- Developer(s): Ideaworks Game Studio
- Publisher(s): Nokia
- Platform(s): N-Gage
- Release: NA: September 2005; EU: September 22, 2005;
- Genre(s): racing game
- Mode(s): Single-player, multiplayer

= System Rush =

2005 video game

System Rush is a 2005 futuristic racing game published by Nokia and developed by Ideaworks Game Studio for the N-Gage.

==Story==
In a world controlled by corporations, information is everything. Knowing that your competitors' secrets is the only way to get an edge in the cutthroat arena of corporate dominance. In this information age, warfare is carried out by "black hat" (morally corrupt) hackers who have become electronic gladiators for their boardroom puppet masters.

You are a "white hat" hacker on the verge of being framed for a high-profile global cyber-crime. Your sophisticated program, designed to cleanse any network of malicious hacker activity, has been stolen by black hat hackers on the payroll of Globenet.
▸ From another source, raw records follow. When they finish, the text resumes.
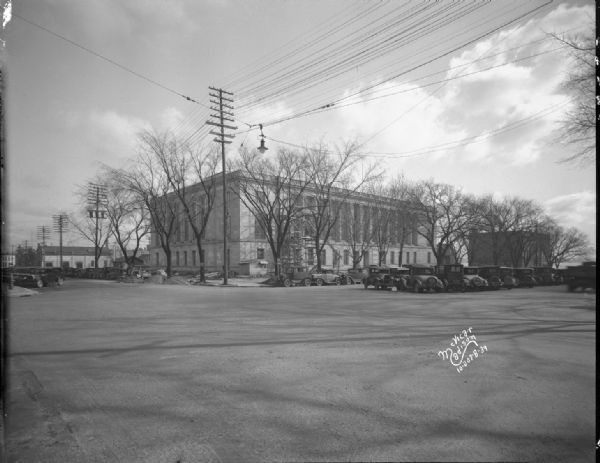 View looking east across intersection towards the nearly completed front and north side of the building. Looking from Doty Street across Monona Avenue with automobiles parked at the curbs and in the median.
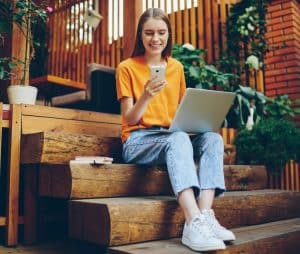 Girl on steps on laptop and cellphone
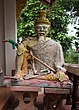 A statue of a hermit with an offering of betel quid from Thailand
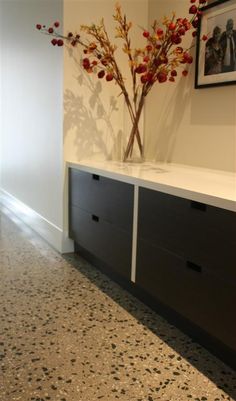 a vase with some red flowers in it sitting on a shelf next to a wall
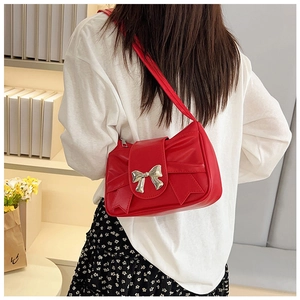 Detalle de un bolso de mano rojo con un gran lazo y hebilla metálica dorada brillante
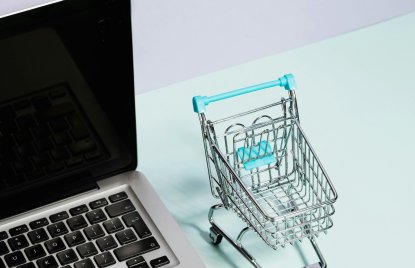 Neben einem Laptop steht ein Miniatur-Einkaufswagen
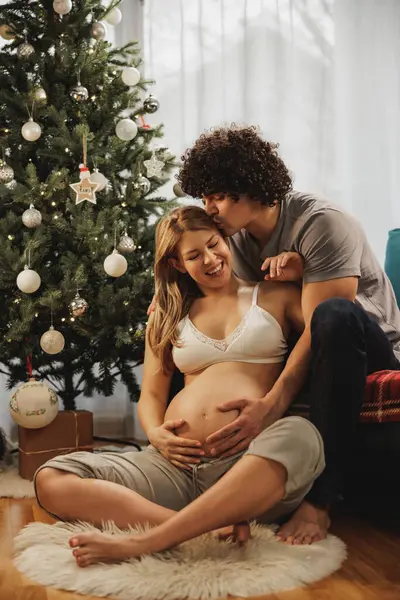 Pareja Embarazada Sentada Suelo Junto Árbol Navidad Casa Cogida Mano — Foto de Stock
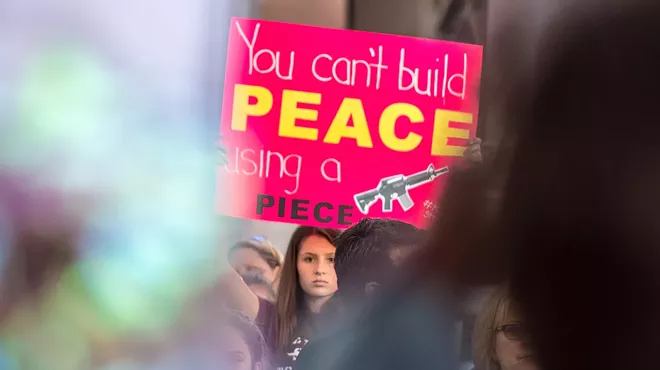 A girl holds a poster that reads "You can't build peace using a piece" with a photo of a gun.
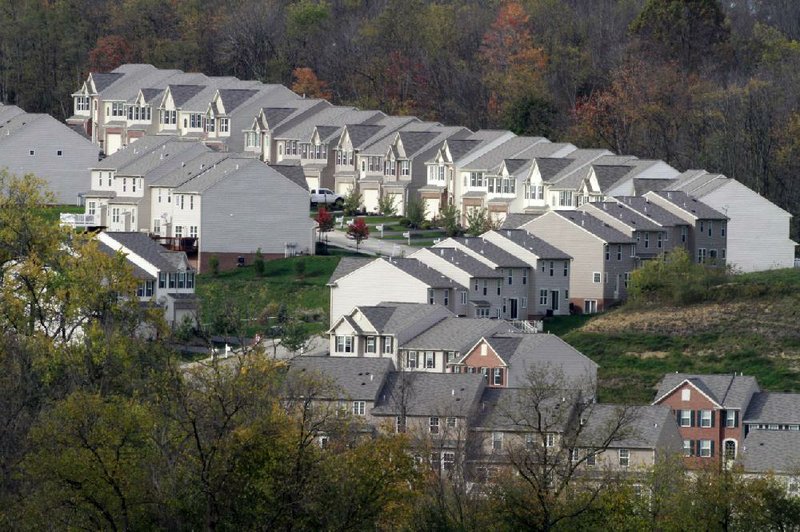 Prices of homes, like these in a new development in Canonsburg, Pa., were little changed in 20 cities for August, according to reports. 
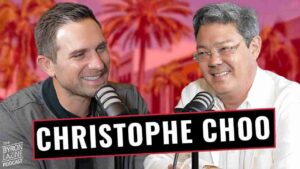 Two men sit at microphones in a podcast studio, smiling during an interview with a bold “CHRISTOPHE CHOO” banner across the foreground.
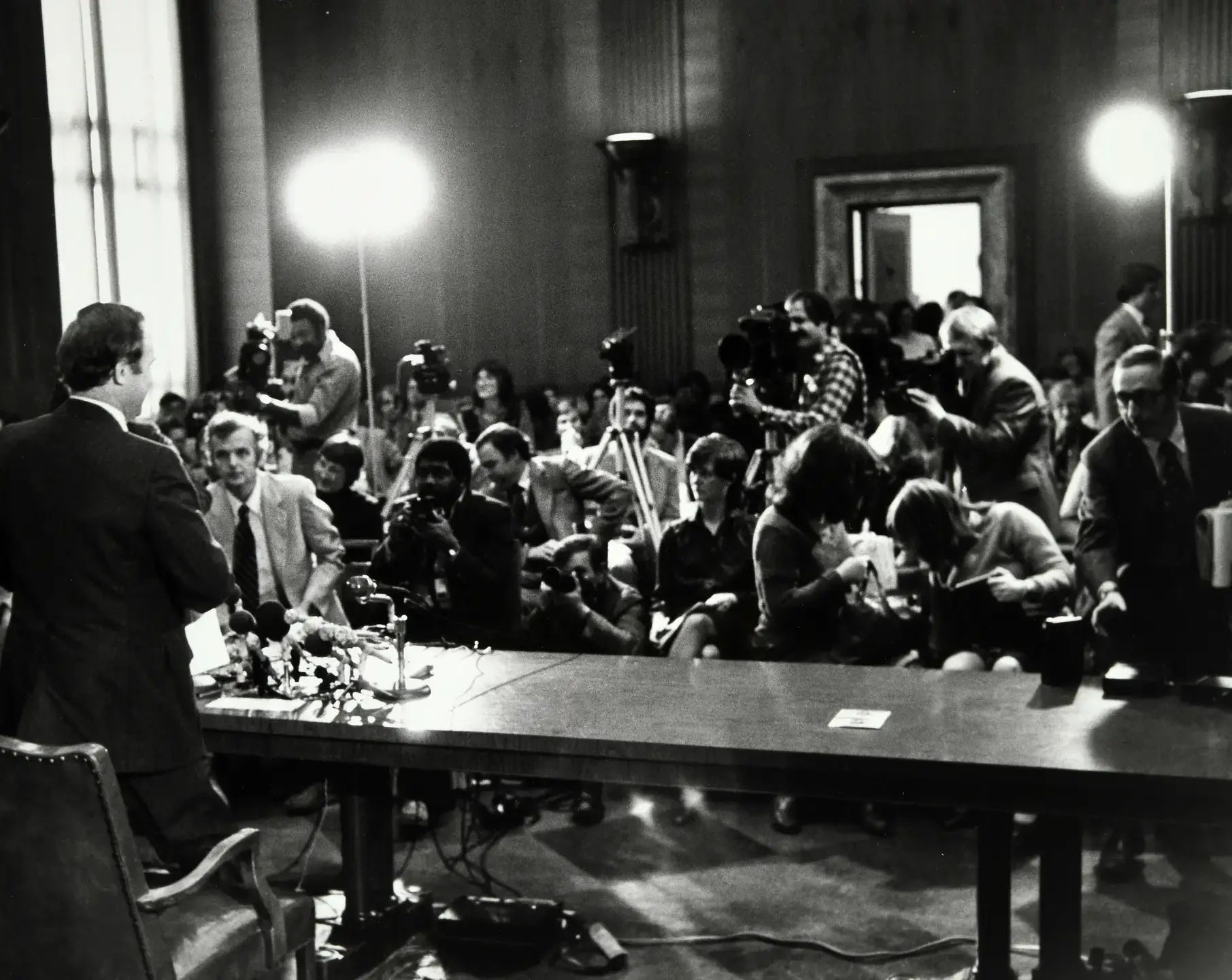 Man speaking at a table with microphones and photographers crowd a hearing room.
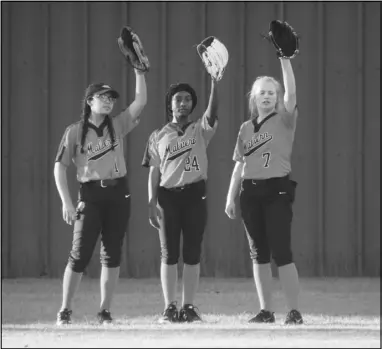  ?? Photo by Alexis Meeks ?? Malvern outfielder­s Aeila Saling (1), Chasney Cooper (24), and Hannah Carey (7) get ready to play defense during a recent game.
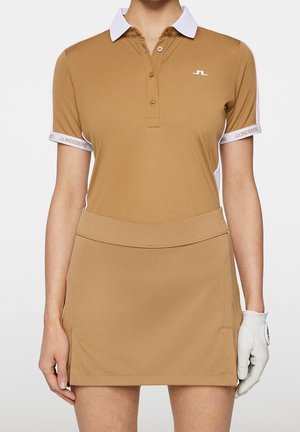 Frau trägt braunes kurzärmeliges Poloshirt mit weißem Kragen und passenden braunen Rock, hält weißen Golfhandschuh an der rechten Hand.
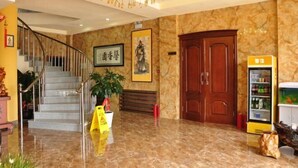 A lobby with a marble floor, a staircase with metal railings, a chandelier, a wooden door, and a vending machine. - Donggang Xinxiangyuan Hotel (Donggang)
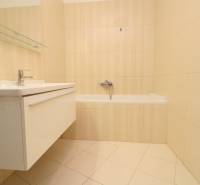Bathroom with a white bathtub and sink, beige tiles, in a two-room apartment.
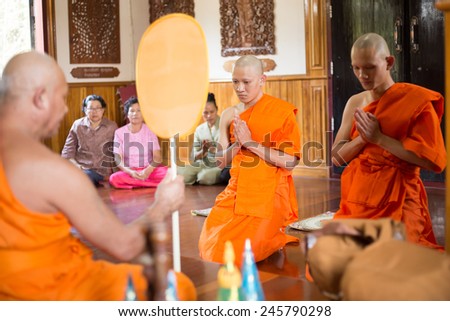 BANGKOK,THAILAND January 19: Newly ordained Buddhist monk pray with priest procession. Newly ordained Buddhist monks have a ritual in the temple procession in January 19, 2015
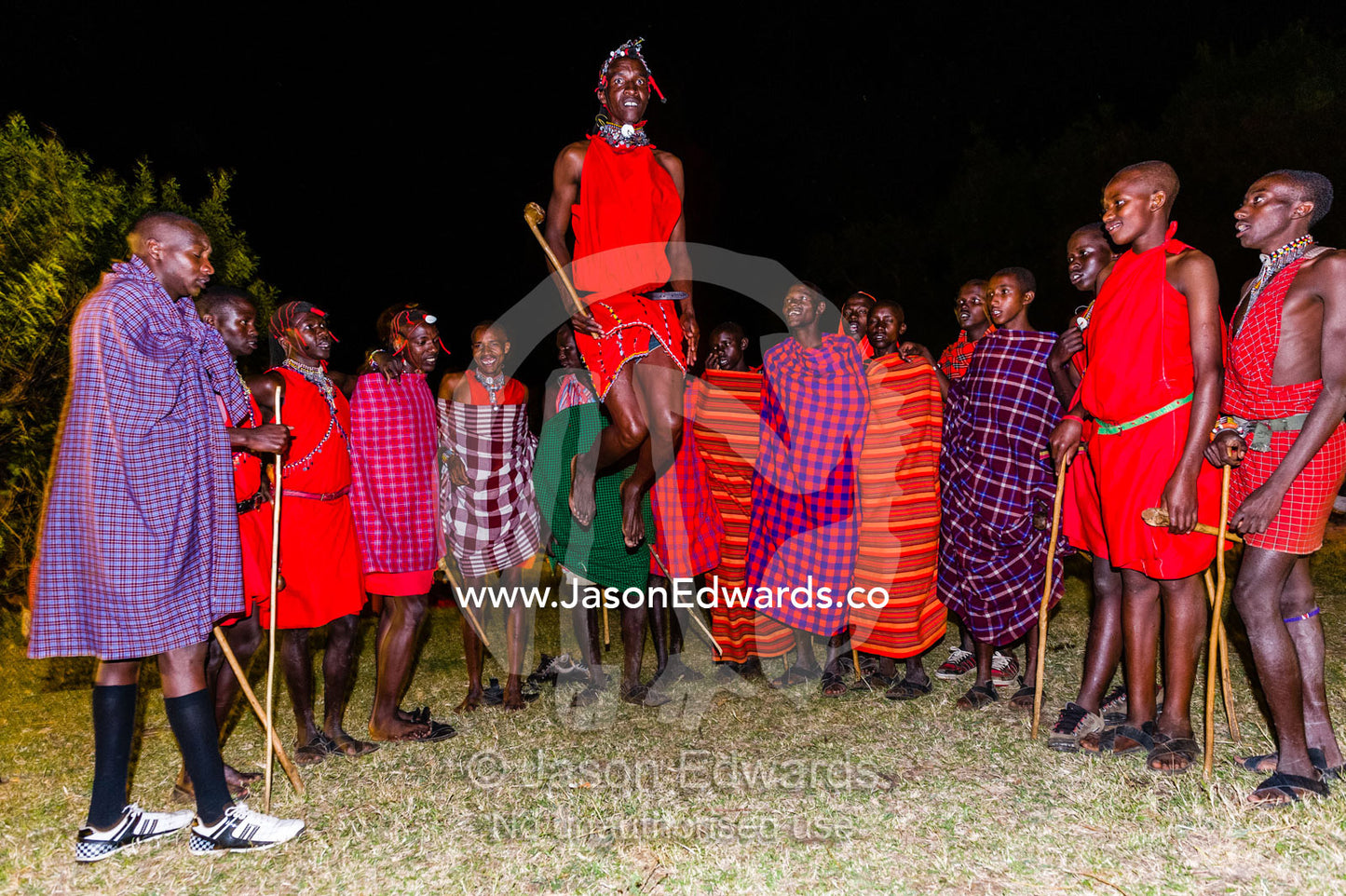 Maasai warriors jump during a ceremonial display known as a adumu or aigus. Near Maasai Mara National Reserve, Narok County, Kenya.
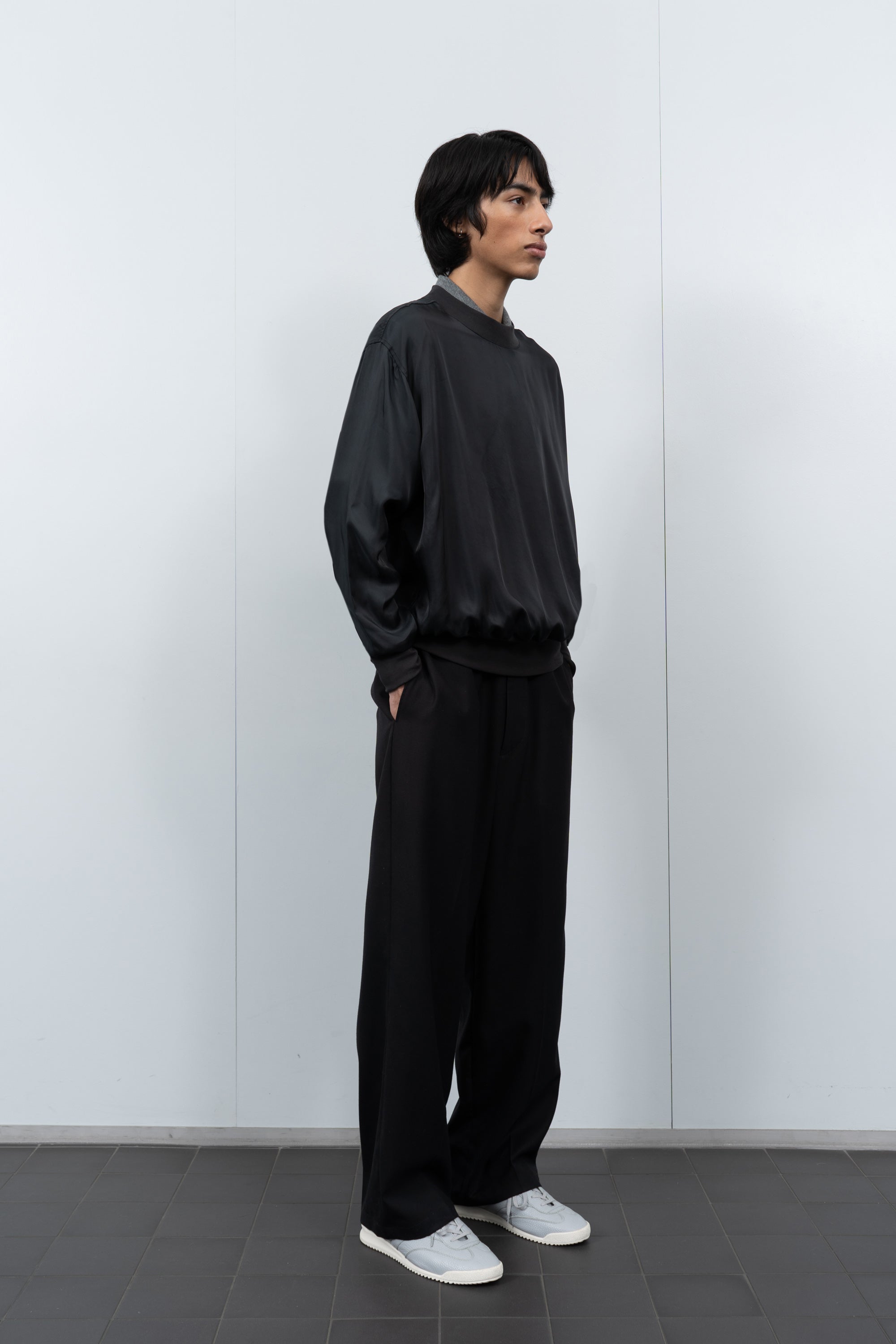LW605 Cupro Pullover in Black on a model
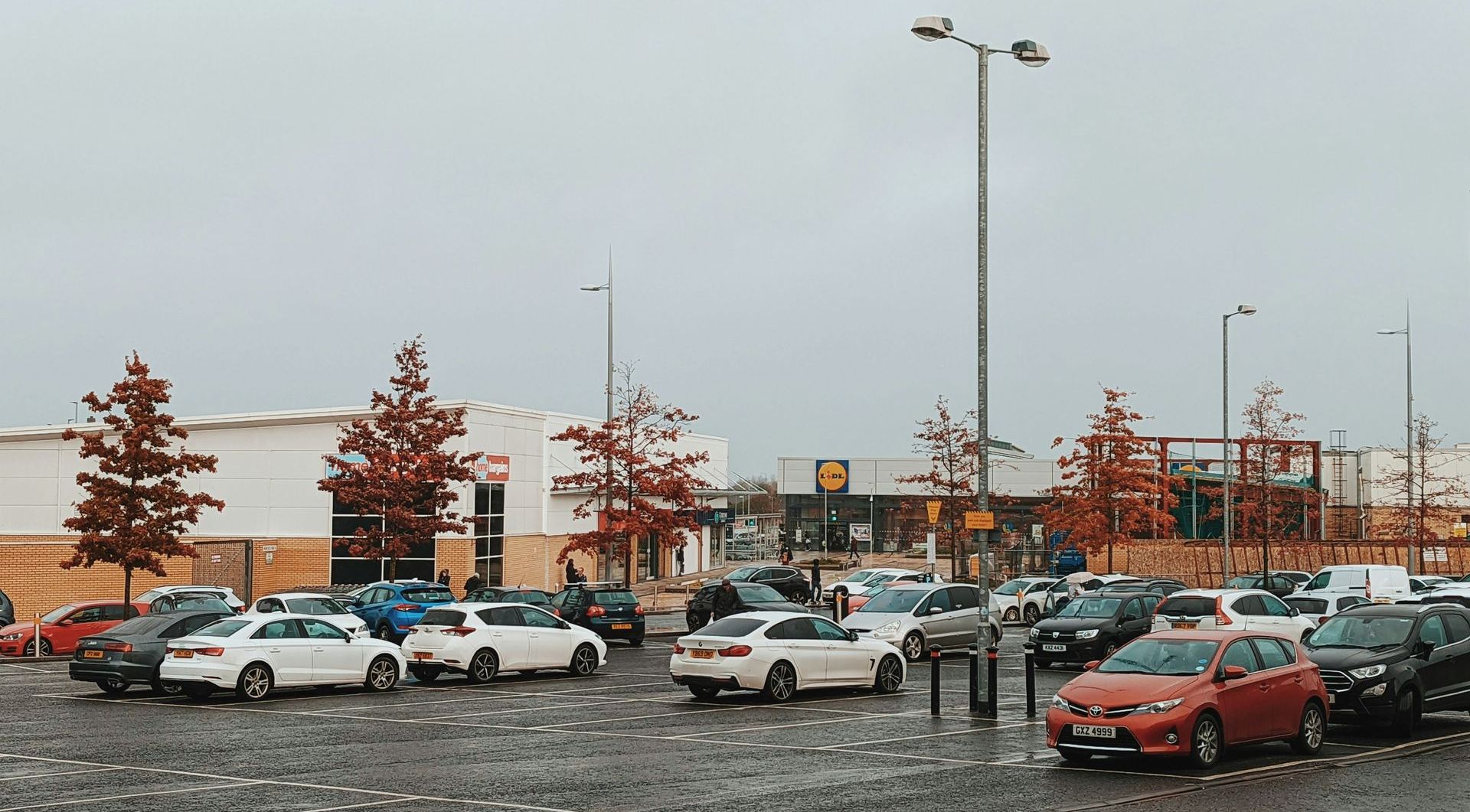 A lot of cars are parked in a parking lot in the rain.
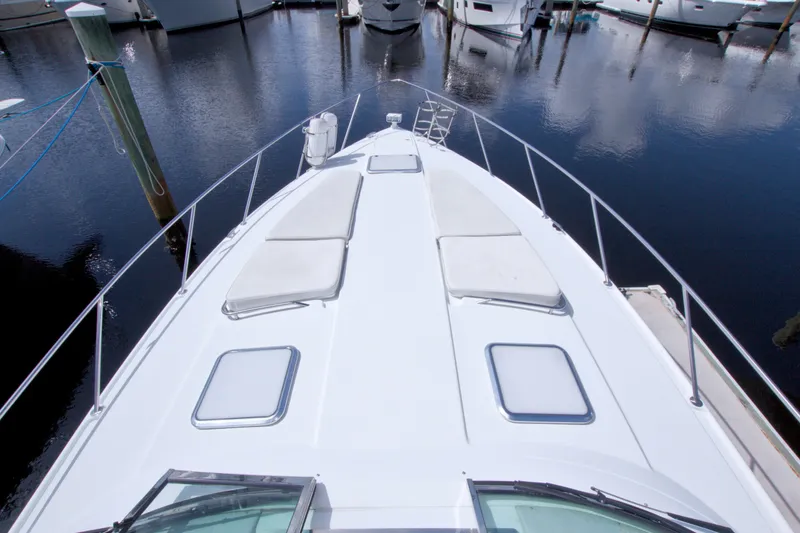 Slide: The Image of 2008 Formula 40 Performance Cruiser docked, showcasing sleek deck design and marina setting. - 25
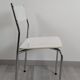 Modernist chair in chrome metal and white laminate, 1960s style.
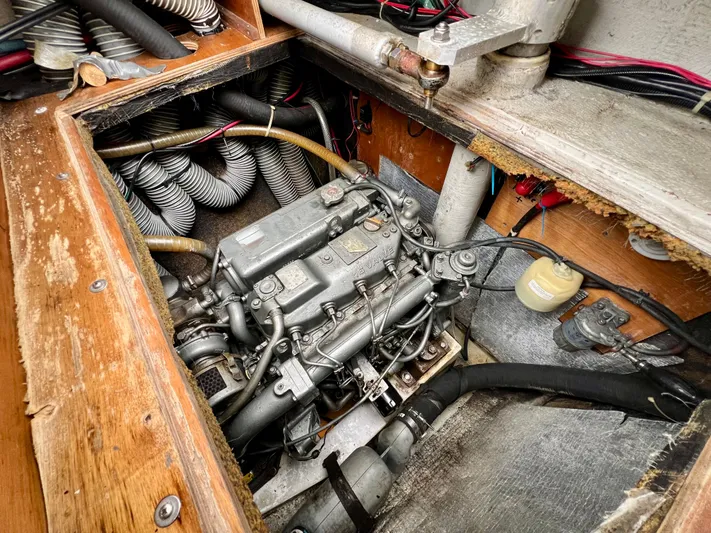 Sunbear Yacht Photos Pics Engine compartment of a 2008 Lagoon 420 sailboat, showcasing mechanical components and wiring.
A network of unscrupulous corporations. This evil alliance intends to use your code as a "logic bomb" to bring down rival corporations.

Your only chance at clearing your name is to infiltrate Globenet, steal back your code and expose the conspiracy.

==Features==
System Rush can be played both as a single-player game and in a multi-player mode, using either N-Gage Arena or a local Bluetooth connection. As of December 2007 the Arena functions are now defunct.

==Developments==
System Rush was an original concept by Ideaworks Game Studio who also developed the game.

==Reception==

The game received "favorable" reviews according to the review aggregation website Metacritic.

Aggregate score
| Aggregator | Score |
|---|---|
| Metacritic | 80/100 |

Review scores
| Publication | Score |
|---|---|
| IGN | 8.2/10 |
| VideoGamer.com | 7/10 |

==Sequel==
Nokia released the follow-up System Rush: Evolution, which was also developed by Ideaworks Game Studio on the Nokia N93 and N95. System Rush: Evolution is the sequel for N-Gage 2.0 mobile gaming devices, featuring better graphics, a new story, and new game types (there are three in total; racing, shooting and flying). It was announced on 10 May 2006. As of February 4, 2008, this sequel/remake can also be played on the N81 by downloading and installing the new N-Gage 2.0 platform.